Amusements des étudiants à leurs heures de loisir. Éléments d’un feu de joie à l’université tirés de la bibliothèque. Observations sur ce qui s’est passé à Christ Church, Oxford. Le Times du 18 mai 1870.

» … Le plus brutal et le plus stupide acte de vandalisme qui pouvait déshonorer notre siècle a été commis par les membres du grand établissement de Christ Church, jeunes gens appartenant aux plus hautes classes de la société, élevés au milieu de tous les raffinements de la civilisation et recevant la plus coûteuse éducation que l’Angleterre puisse offrir.

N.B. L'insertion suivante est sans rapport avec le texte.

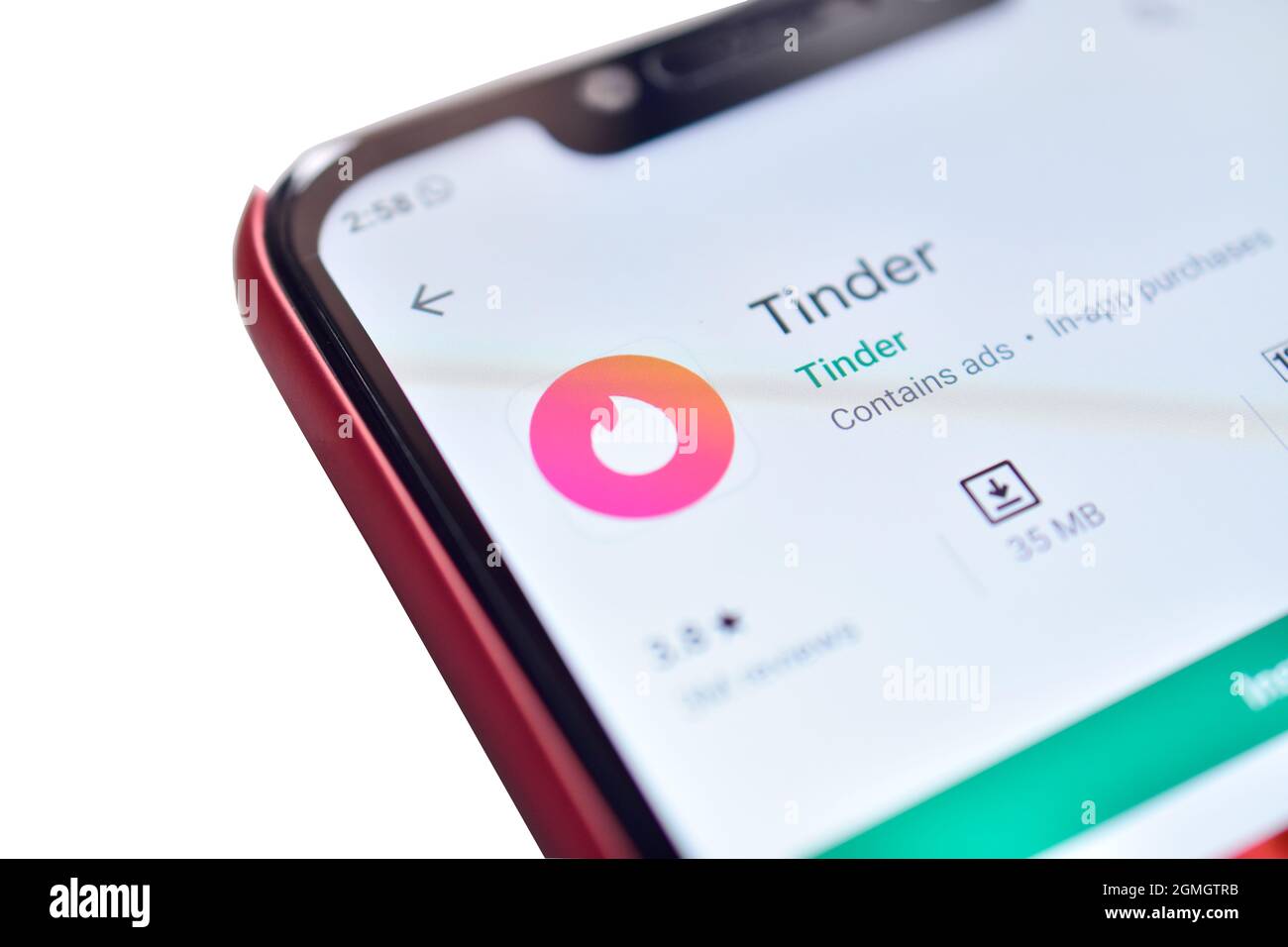 New Delhi, India - November 24, 2019: Tinder application on play store, hookup application tinder logo Stock Photo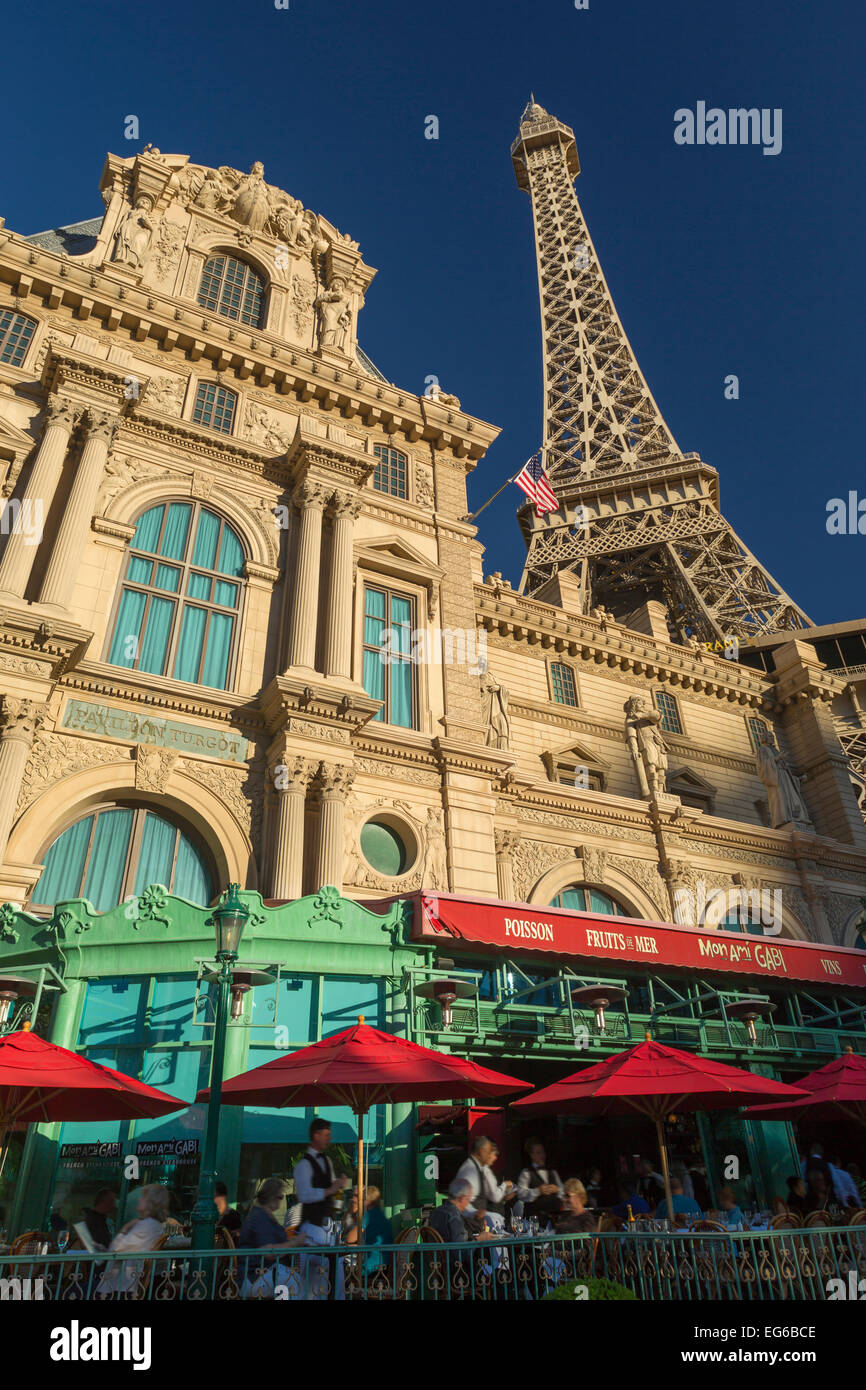 OUTDOOR-BISTRO PARIS PARIS HOTEL CASINO STRIP LAS VEGAS NEVADA USA Stockfoto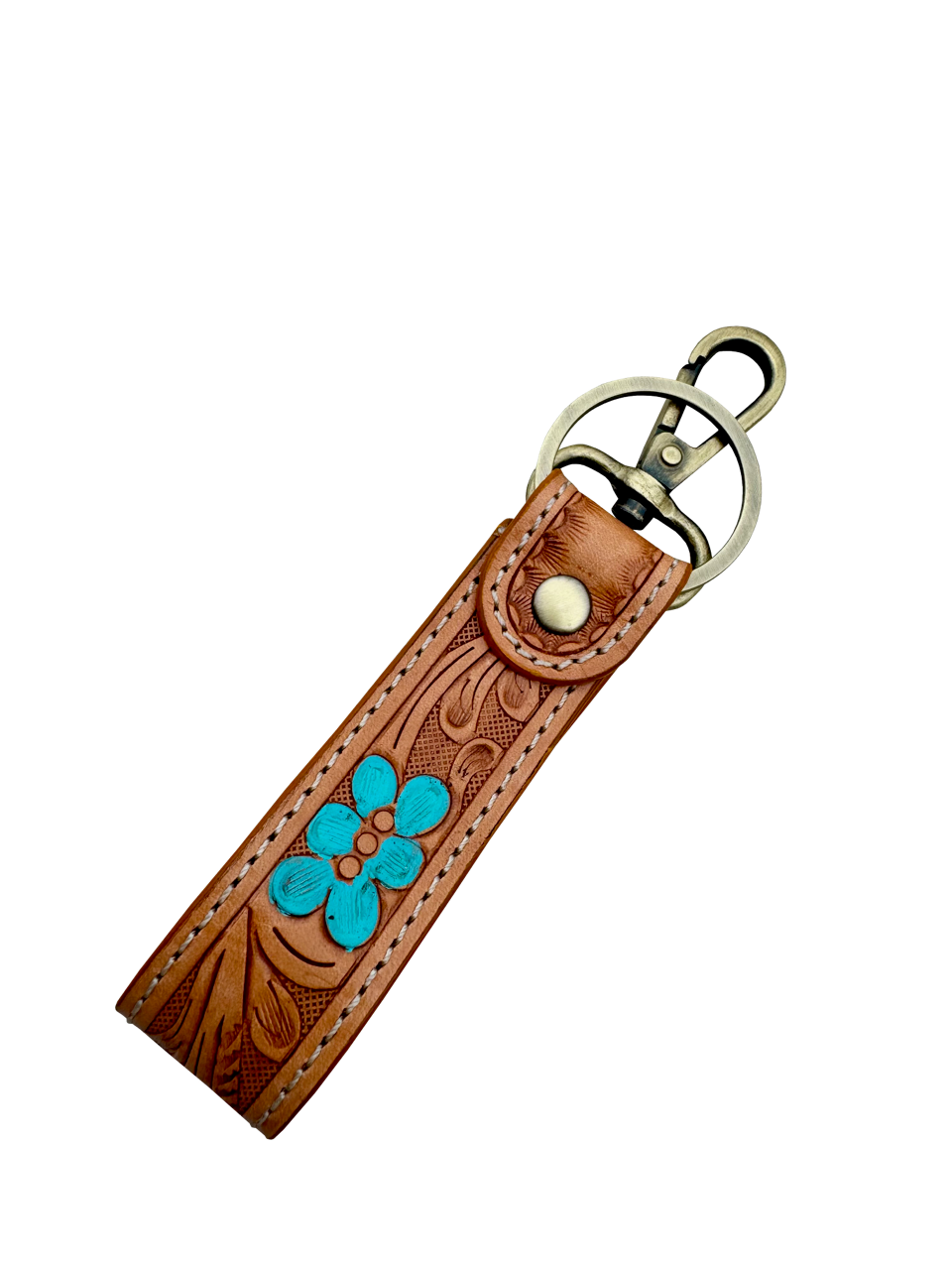 Tooling Leather and Cowhide Sleek Keyring. Brown leather key fob with turquoise flower design on a white background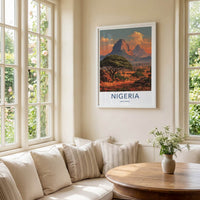 Nigeria Poster - Africa Travel Art - Orange Sky Mountain Home Decor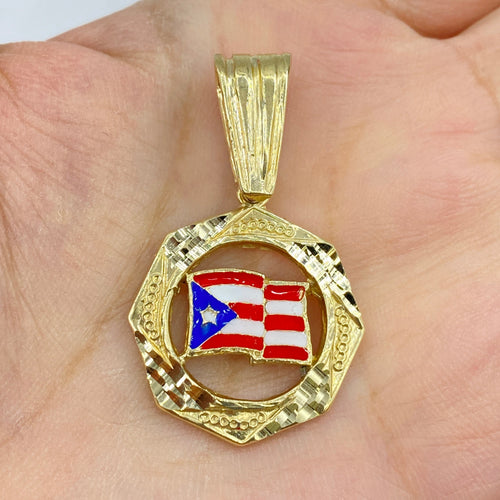 10K Faro Puerto Rico Flag Pendant - additional product view 2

» Dans la soirée du mardi de la semaine dernière, la bibliothèque de Christ Church fut envahie, et plusieurs bustes et une statue de marbre représentant une Vénus, œuvres d’art d’un grand prix, furent emportés par des étudiants. Dans le cours de la soirée, un bûcher, composé de fagots et de paillassons, fut élevé, les sculptures furent placées sur ce bûcher, on y mit le feu, et les œuvres d’art furent complètement détruites.

» Il n’y a pas eu de rapports officiels sur ces méfaits et leurs auteurs, mais naturellement les faits sont fort connus dans le cercle des étudiants. Deux séries de jeunes gens prirent part, dit-on, à cette triste affaire. Les uns enlevèrent les sculptures de la bibliothèque et les placèrent dans Peckwater (l’une des cours de l’établissement) avec l’intention de faire une plaisanterie ; les autres les trouvèrent dans Peckwater, les renversèrent, firent un feu de joie et les détruisirent.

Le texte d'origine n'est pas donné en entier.